Hi All ,
I am discussing about fundamentals of Data
warehousing :
Any database which uses ER modelling database
concept is called as OLTP system or Operational Database (OPDB). Here company
business operations are insert/update/delete/select statement. Because of
update and delete statement the database maintains only the current data.
Data Warehouse:
A
Data warehouse is a database concept which maintains current data and
historical data for reporting and analysis.
Analysis:
Report
to report comparison is called as analysis. Analysis leads to planning.
If
the plans are executed properly the company gets good profits.
Warehouse
Rules (For Master data):
Dimensional
modelling is the database theory which maintains current data and historical
data using the following 6 rules.
MASTER
DATA: uniquely identified data in any database is called as master data. Any
table which maintains repeated data is called as TRANSACTION DATA. Master data
is also called as possible changing data. A few
properties of master data can be changed as the time changes. These changes can
be captured in dimensional modelling theory.

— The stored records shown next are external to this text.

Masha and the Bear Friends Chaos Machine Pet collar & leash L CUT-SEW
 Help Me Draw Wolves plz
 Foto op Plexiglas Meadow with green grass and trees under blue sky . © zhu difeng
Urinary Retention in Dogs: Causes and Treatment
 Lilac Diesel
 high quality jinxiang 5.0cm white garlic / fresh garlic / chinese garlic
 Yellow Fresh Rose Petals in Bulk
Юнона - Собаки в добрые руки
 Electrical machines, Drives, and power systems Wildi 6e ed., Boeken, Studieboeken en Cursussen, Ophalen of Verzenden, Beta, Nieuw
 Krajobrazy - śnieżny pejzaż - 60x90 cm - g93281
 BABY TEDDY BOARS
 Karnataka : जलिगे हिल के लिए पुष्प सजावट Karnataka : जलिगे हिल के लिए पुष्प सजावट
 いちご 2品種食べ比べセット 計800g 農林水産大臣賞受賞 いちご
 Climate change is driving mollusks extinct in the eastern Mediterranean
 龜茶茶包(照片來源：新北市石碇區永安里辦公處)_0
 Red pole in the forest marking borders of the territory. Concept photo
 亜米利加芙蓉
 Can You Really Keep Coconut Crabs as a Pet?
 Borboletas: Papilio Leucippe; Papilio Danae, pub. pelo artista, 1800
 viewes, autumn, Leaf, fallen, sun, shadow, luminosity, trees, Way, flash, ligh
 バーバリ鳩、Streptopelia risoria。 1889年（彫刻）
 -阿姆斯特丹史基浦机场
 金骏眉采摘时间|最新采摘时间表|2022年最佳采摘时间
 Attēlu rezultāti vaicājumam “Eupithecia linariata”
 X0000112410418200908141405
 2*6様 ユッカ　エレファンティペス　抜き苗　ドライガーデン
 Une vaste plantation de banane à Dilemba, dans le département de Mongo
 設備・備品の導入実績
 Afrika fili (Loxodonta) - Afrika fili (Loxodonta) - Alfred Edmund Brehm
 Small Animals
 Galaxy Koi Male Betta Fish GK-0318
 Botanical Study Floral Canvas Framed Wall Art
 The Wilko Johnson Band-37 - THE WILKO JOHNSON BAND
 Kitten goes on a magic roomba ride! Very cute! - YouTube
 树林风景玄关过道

RULE#1: Source primary key should not be primary
key in warehouse.
RULE#2: Warehouse should be added with separate
primary key as SID (Surrogate ID).
Surrogate
key is not the actual key, it is the key
used as instead of actual source primary key.
RULE#3: Warehouse should be added with a ‘FLAG’
column to indicate data is current or historical.
RULE#4: The dimensional table should be added with
‘VERSION’ column for versioning.
RULE#5: Target table should be added with ‘START_DATE’
column to indicate when data is loaded.
RULE#6: Target table should be added with ‘END_DATE’ column to
indicate when data is modified.
About ROLAP, MOLAP, DOLAP,OLTP,DWH.. :
1 .What is ROLAP, MOLAP, and DOLAP...?
ROLAP (Relational
OLAP), MOLAP (Multidimensional OLAP), and DOLAP (Desktop
OLAP). In these three OLAP architectures, the interface to the analytic layer
is typically the same; what is quite different is how the data is physically
stored.
In MOLAP, the
premise is that online analytical processing is best implemented by storing the
data multidimensionally; that is, data must be stored multidimensionally in
order to be viewed in a multidimensional manner.
In ROLAP, architects
believe to store the data in the relational model; for instance, OLAP
capabilities are best provided against the relational database.
DOLAP, is a
variation that exists to provide portability for the OLAP user. It creates
multidimensional datasets that can be transferred from server to desktop,
requiring only the DOLAP software to exist on the target system. This provides
significant advantages to portable computer users, such as salespeople who are
frequently on the road and do not have direct access to their office server.
2 .What is an MDDB? and What is the difference between MDDBs and
RDBMSs?
Multidimensional Database There
are two primary technologies that are used for storing the data used in OLAP
applications.
These two
technologies are multidimensional databases (MDDB) and relational databases
(RDBMS). The major difference
between MDDBs and
RDBMSs is in how they store data. Relational databases store
their data in a series of tables and
columns. Multidimensional
databases, on the other hand, store their data in a large multidimensional
arrays.
For example,
in an MDDB world, you might refer to a sales figure as Sales with Date,
Product, and Location coordinates of
12-1-2001, Car,
and south, respectively.
Advantages of
MDDB:
Retrieval is very
fast because
· The
data corresponding to any combination of dimension members can be retrieved
with a single I/O.
· Data
is clustered compactly in a multidimensional array.
· Values
are caluculated ahead of time.
· The
index is small and can therefore usually reside completely in memory.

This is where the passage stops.